This new selfie trend is bubbling over.
Stars like Bella Hadid, Jourdan Dunn and Kendall Jenner are taking selfies in bathtubs like it’s the new red carpet step-and-repeat in snaps washing over Instagram feeds.
The luxury-meets-leisure grooming pastime has become the new self-care-inspired photo trend at parties and events in lieu of voguing for paparazzi on the red carpet in front of giant logos. Instead, brands are investing in the ultimate bathtub installation, filled to the brim with champagne bottles on ice, jewels and even diamonds. And it’s all about doing it for the ’gram.
“The step-and-repeat is dead,” Jamie D’Attoma, vice president of events at the New York City-based integrated marketing agency SHADOW, told Moneyish. “But that paves the way for innovating around interactive photo opportunities at an event that simultaneously communicates the brand message.”
A number of lifestyle and fashion brands have taken the plunge recently. Chanel dazzled beauty editors and influencers in Los Angeles earlier this year with a tub filled with pearls. And high-end clothing and accessories line Revolve posted a photo on Instagram with model squad Hailey Baldwin, Hadid, Dunn and Jenner wearing chic cocktail attire while kicking back in an empty tub.
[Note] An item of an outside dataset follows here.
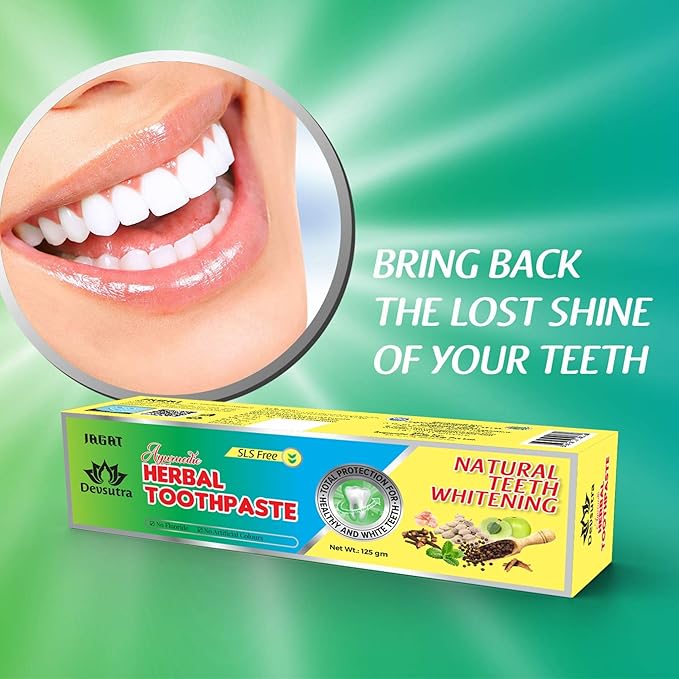 Jagat Devsutra Dr. Recommended Ayurvedic Herbal Fresh Mint Flavour Toothpaste Combo Pack Offer - 100% Natural Teeth Whitening Formula, No Fluoride & No Artificial Colours - Pack of 2 (4.4 OZ Each)-Ruum Studio Home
Bathtubs have also made a splash in the food and beverage scene as a means to hold products such as wine and hors d’oeuvres in a photogenic, playful way that still broadcasts the brand’s message. Ruffino Wines, for example, celebrated its sparkling wine varietals by partnering with jewelry designers DANNIJO to create a “champagne shower” of sorts — with a prosecco bath complete with sparkling jewels and a butler handing out mini-bottles to guests vamping in the tub. The bubbly installation came complete with a neon sign that read “Always Sparkling.”
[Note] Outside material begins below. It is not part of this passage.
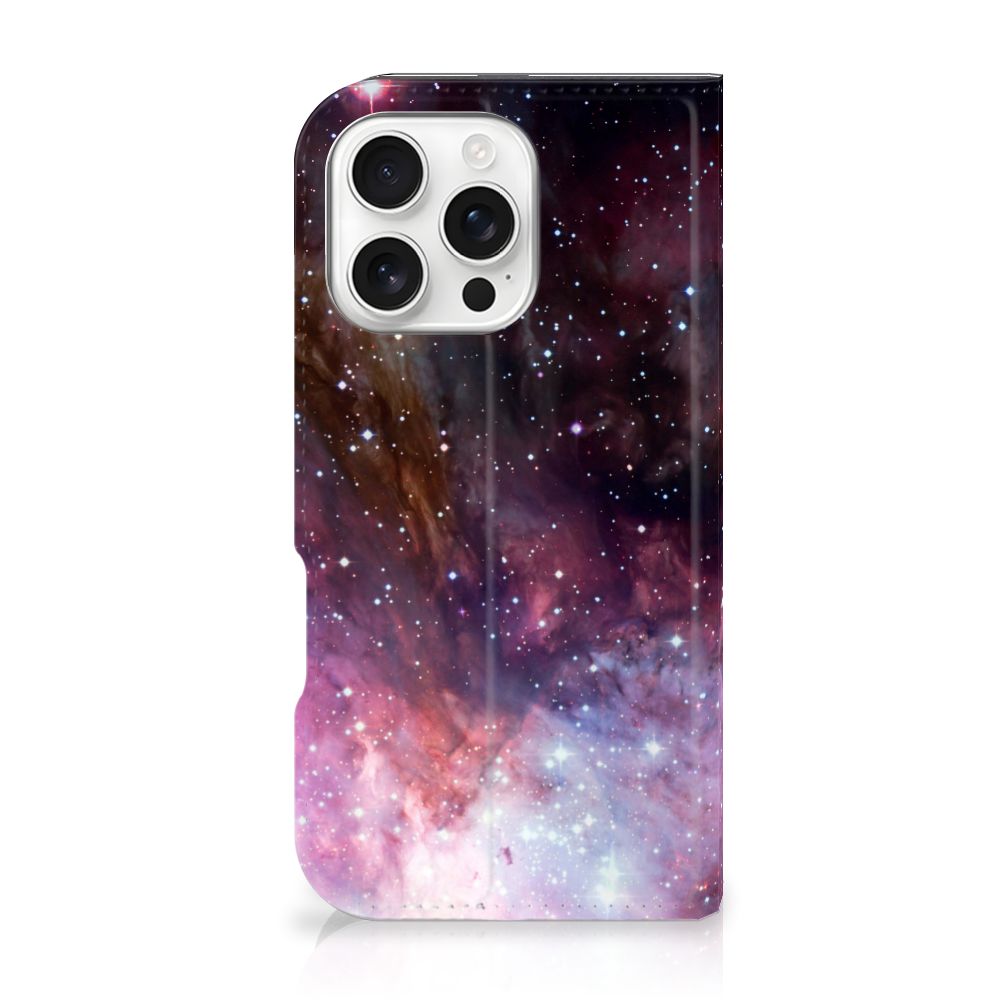 Stand Case voor iPhone 16 Pro Galaxy heelal design achteraanzicht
Meanwhile, New York City’s Melt Shop filled up an antique tub with its signature tater tots, an edible arrangement that had guests devouring the display. And beauty brand Soap & Glory went old school with a giant pink rubber ducky and matching balloon bubbles to promote its makeup and face wash line.
“Experiential storytelling is an especially competitive landscape as brands try to one-up each other with the next loudest, most eye-dazzling installation,” D’Attoma notes. “But the risk producers run when thinking only in this vein is a disconnect between the installation and the actual story the client is trying to tell.”
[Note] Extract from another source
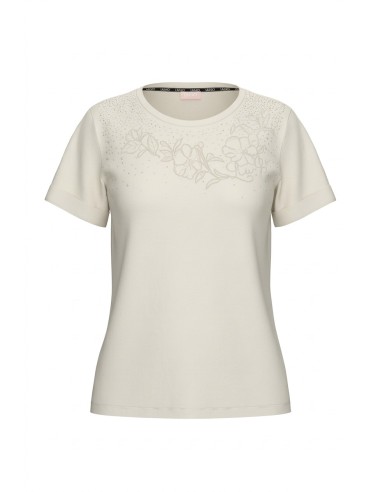 T-shirt met strasssteentjes en bloemenborduursel van Liu Jo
Now the A-list bathtub selfies have trickled down to social media influencers — and just about anyone with an Instagram account — as yet another wave in the made-for-Instagram movement. Photo-friendly pop-ups and installations like the Museum of Ice Cream, for instance, draw in millennials with gimmicks like sprinkle pools, which are backdrops for the perfect pic. And now the hashtag #bathtubselfie has nearly 10,000 posts on Instagram.
“It’s the evolution of the bathroom mirror selfie,” says pop culture expert Jawn Murray. “The bathtub has always embodied elegance, whether you’re thinking of someone like Marilyn Monroe drinking champagne in a bubble bath, or in the late ’90s when Puff Daddy/P. Diddy was drinking fine libations in a tub. It’s almost like a status symbol.”
Bubbles have long been a photo-friendly backdrop for selfies. Early adopter Mariah Carey made a sudsy splash on Instagram when she took a bubble-bath selfie clad in diamonds in 2016. (“Bubbly times selfie,” she captioned the close-up shot.) And more recently, Taylor Swift took an actual diamond bath in the video for 2017’s “Look What You Made Me Do,” filled with real jewels worth more than $10 million, Page Six reported.